EXERCISE OBJECTIVE
Transcribe the listing exactly, leaving out every picture.

RECORDS

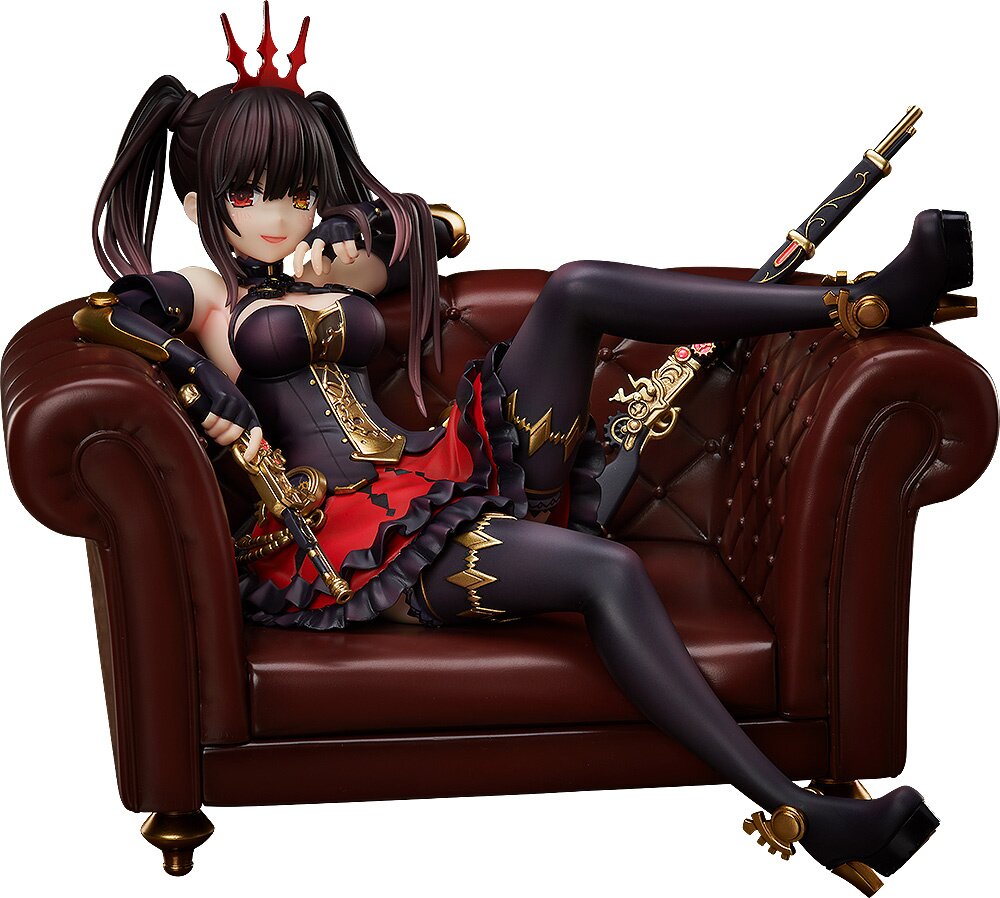 Date A Live Kurumi Tokisaki: Empress Ver. 1/7 Scale Figure - Tokyo Otaku  Mode (TOM)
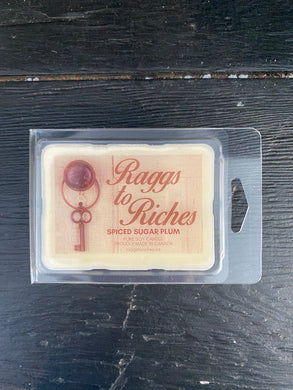 Spiced Sugar Plum Wax Melts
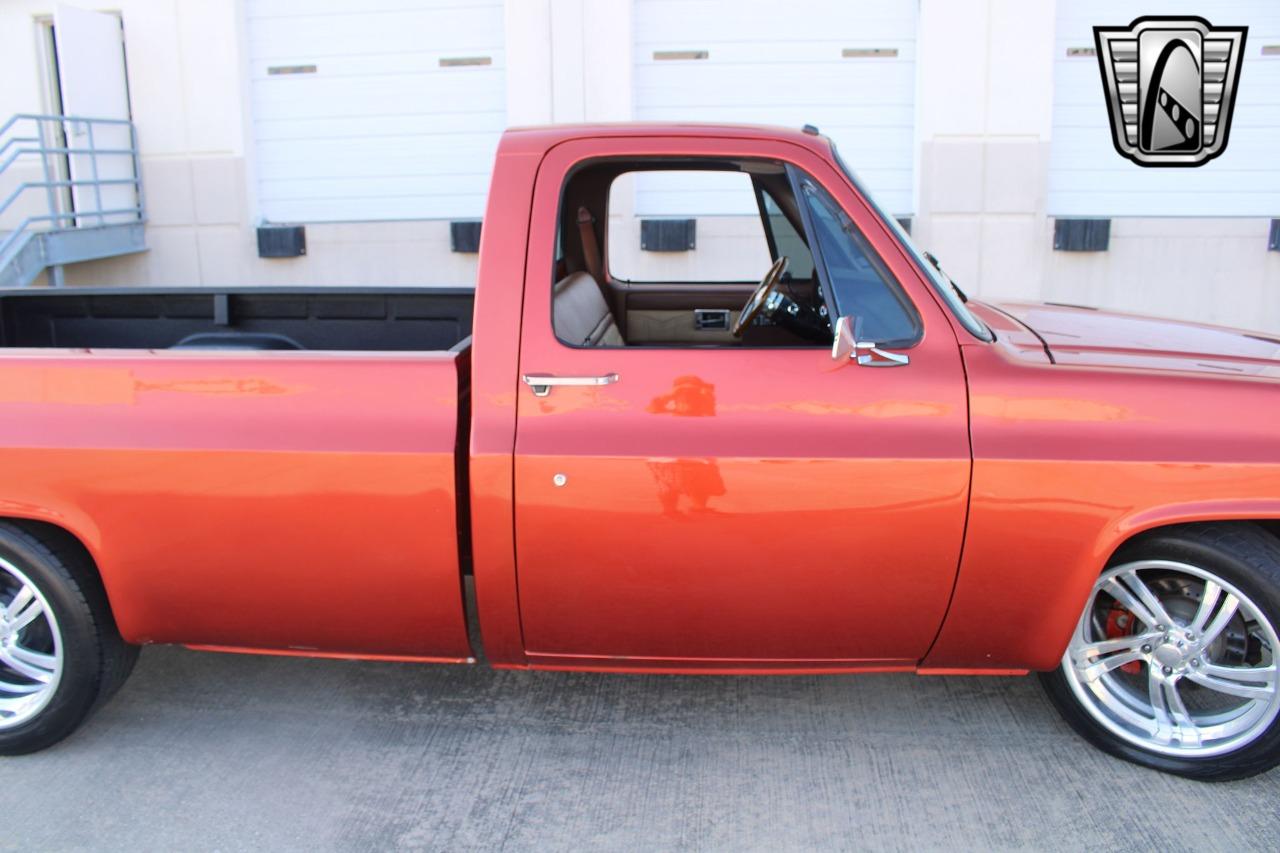 1985 Chevrolet C10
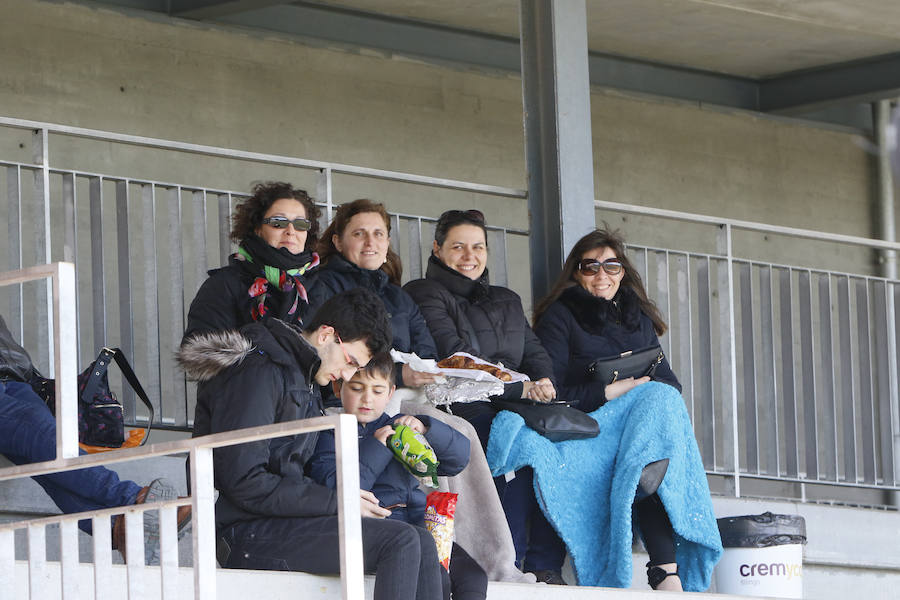 Fotos: Memorial Tonino de fútbol del Club Navega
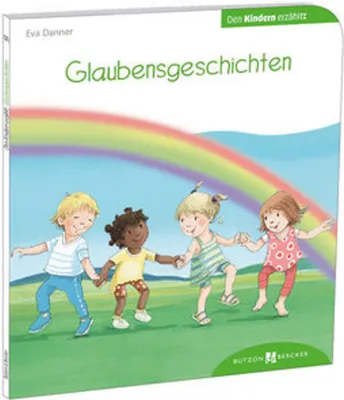Obrázek produktu pro Glaubensgeschichten den Kindern erzählt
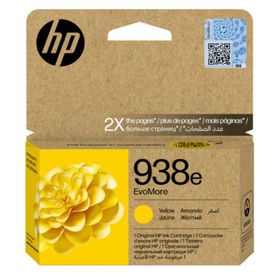 HP 4S6Y1PE 938E Yellow Sarı Yüksek Kapasite Kartuş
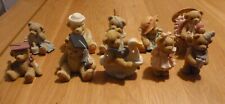 Cherished teddies figurines for sale  SOUTHEND-ON-SEA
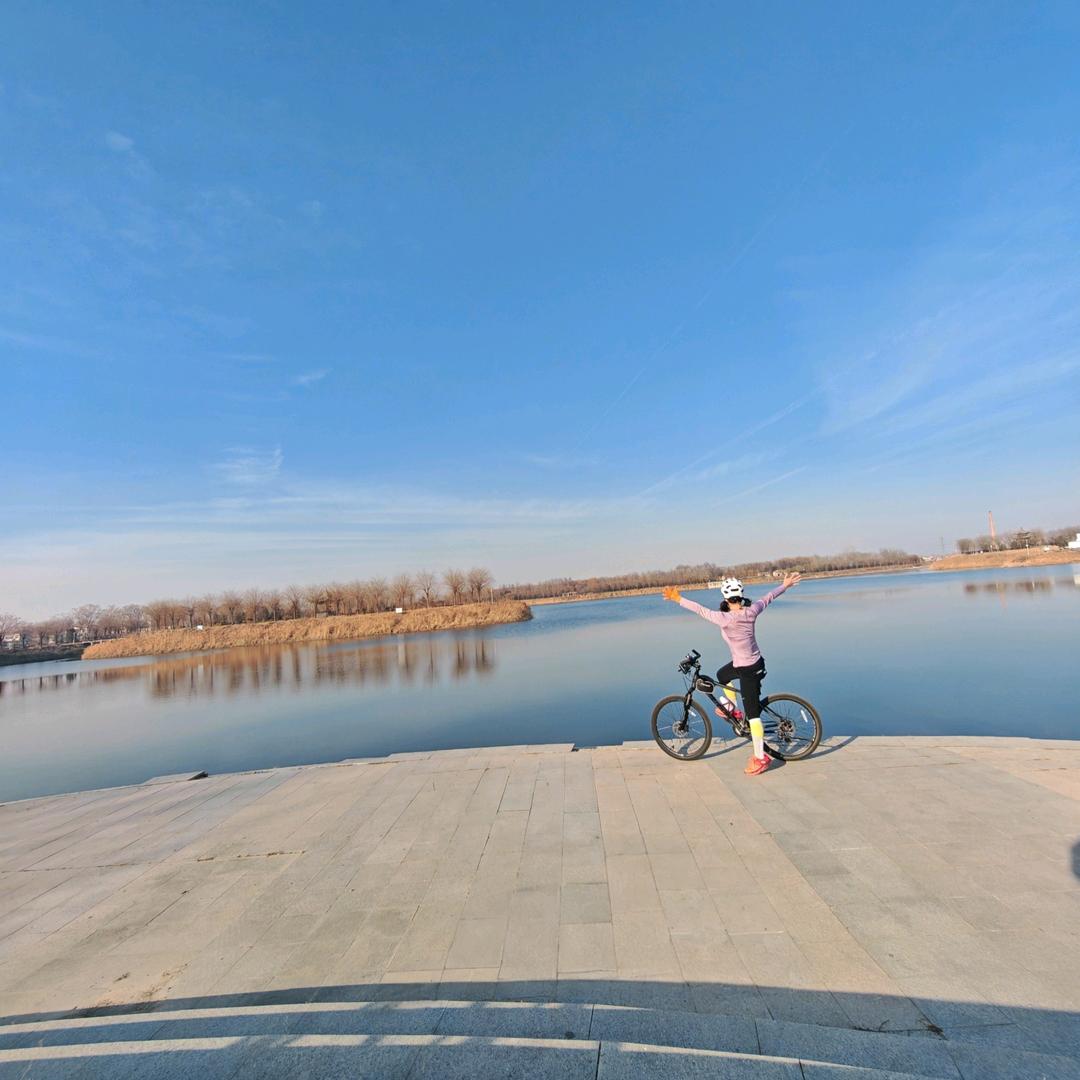 爱运动的于老师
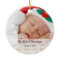 Baby's First Christmas Personalised Photo Template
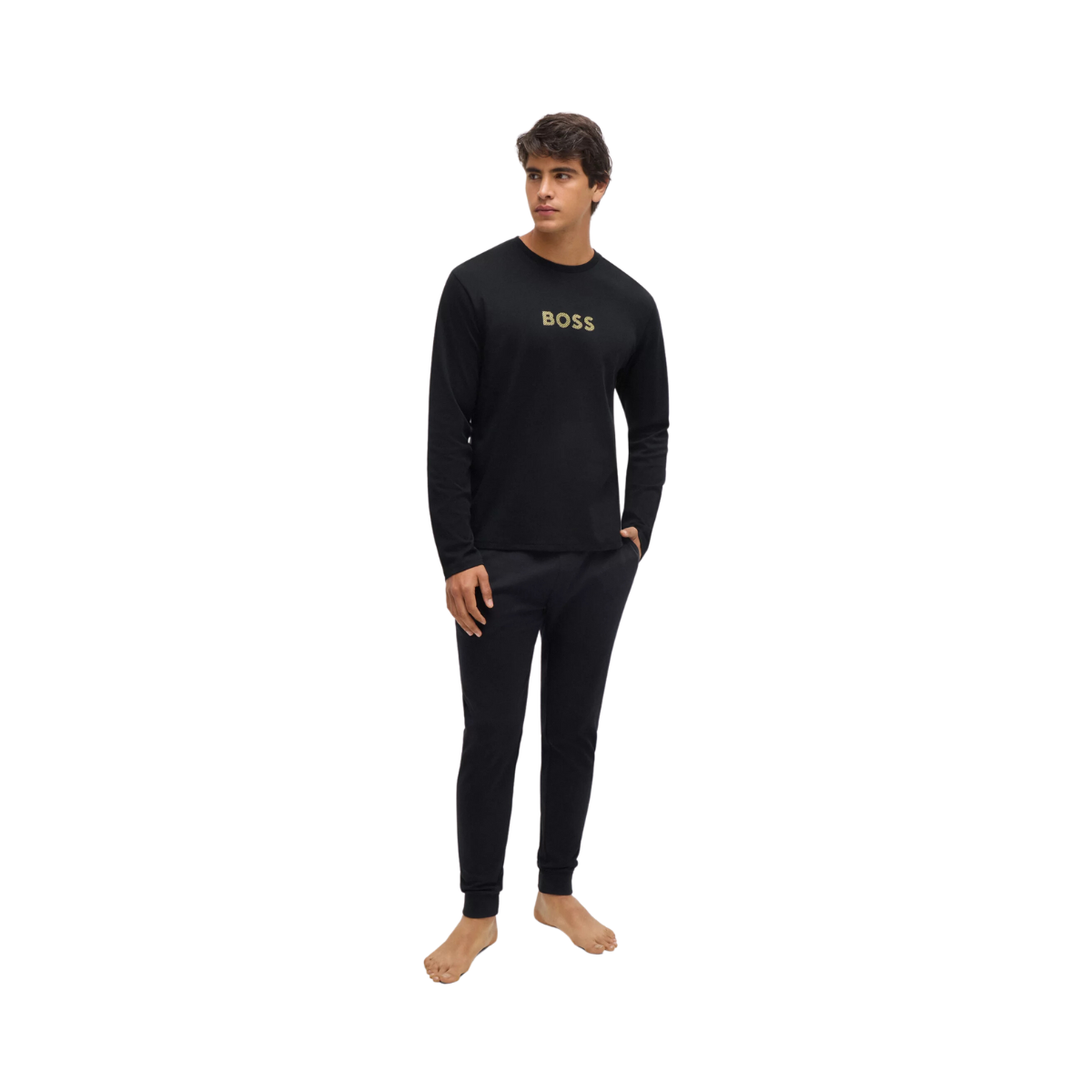 Gift Long Set - Black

RESPONSE BOX
 Date A Live Kurumi Tokisaki: Empress Ver. 1/7 Scale Figure - Tokyo Otaku  Mode (TOM)
 Spiced Sugar Plum Wax Melts
 1985 Chevrolet C10
 Fotos: Memorial Tonino de fútbol del Club Navega
Obrázek produktu pro Glaubensgeschichten den Kindern erzählt
 HP 4S6Y1PE 938E Yellow Sarı Yüksek Kapasite Kartuş
 Cherished teddies figurines for sale  SOUTHEND-ON-SEA
 爱运动的于老师
 Baby's First Christmas Personalised Photo Template
 Gift Long Set - Black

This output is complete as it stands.